The OpenShift has three monitoring stack components to gather the metrics from the Kubernetes API: the kube-state-metrics, openshift-state-metrics, and node-exporter agents.
The dashboards in OpenShift cluster monitoring combine metrics from the three agents.
See the References section to learn about the complete list of exposed metrics.
Prometheus provides a query language, PromQL, to select and aggregate time-series data.
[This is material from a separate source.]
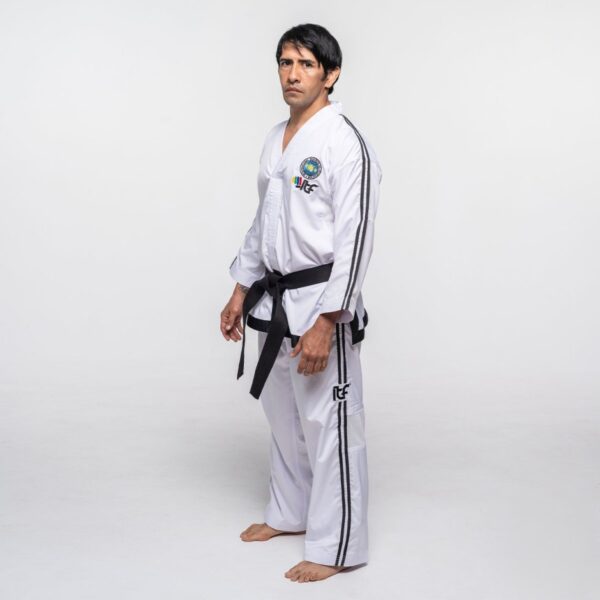 Dobok ITF Approved ProWear Grandmaster. 6 - Imagen 7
You can filter a metric to include only certain key/value pairs.
For example, you can modify the previous query to show only metrics for the worker02 node by using the following expression:
instance:node_cpu_utilisation:rate1m{instance="worker02"}Prometheus Query Language provides several operators to compute new time-series metrics. PromQL contains arithmetic operators, including addition, subtraction, multiplication, and division operators. PromQL contains comparison operators, including equality, greater-than, and less-than operators.
PromQL contains built-in functions, including the following ones, that you can include in PromQL expressions:
sum()
Adds the value of all sample entries at a given time.
rate()
Computes the per-second average of a time series for a given time range.
count()
Counts the number of sample entries at a given time.
max()
Selects the maximum value out of the sample entries.
The following examples of Prometheus Query Language expressions use one metric from the node-exporter agent, and another metric from the kube-state-metrics agent:
node_memory_MemAvailable_bytes/node_memory_MemTotal_bytes*100<50
Shows nodes with less than 50% of available memory.
kube_persistentvolumeclaim_status_phase{phase="Pending"} == 1
Shows persistent volume claims in the pending state.
The Red Hat add-on operators can define extra metrics and alerts.
For example, the compliance operator exposes additional metrics to Prometheus.
You can get a list of exposed metrics by using the following query:
{name=~"compliance.*"}The OpenShift console integrates dashboards based on the gathered metrics at → . These dashboards refresh periodically to display current summary metrics and graphs.
In the graphs, which are interactive, you can further explore data features and characteristics that you observe.
The cluster monitoring dashboards serve as a good starting point for near real-time observability of cluster metrics and health.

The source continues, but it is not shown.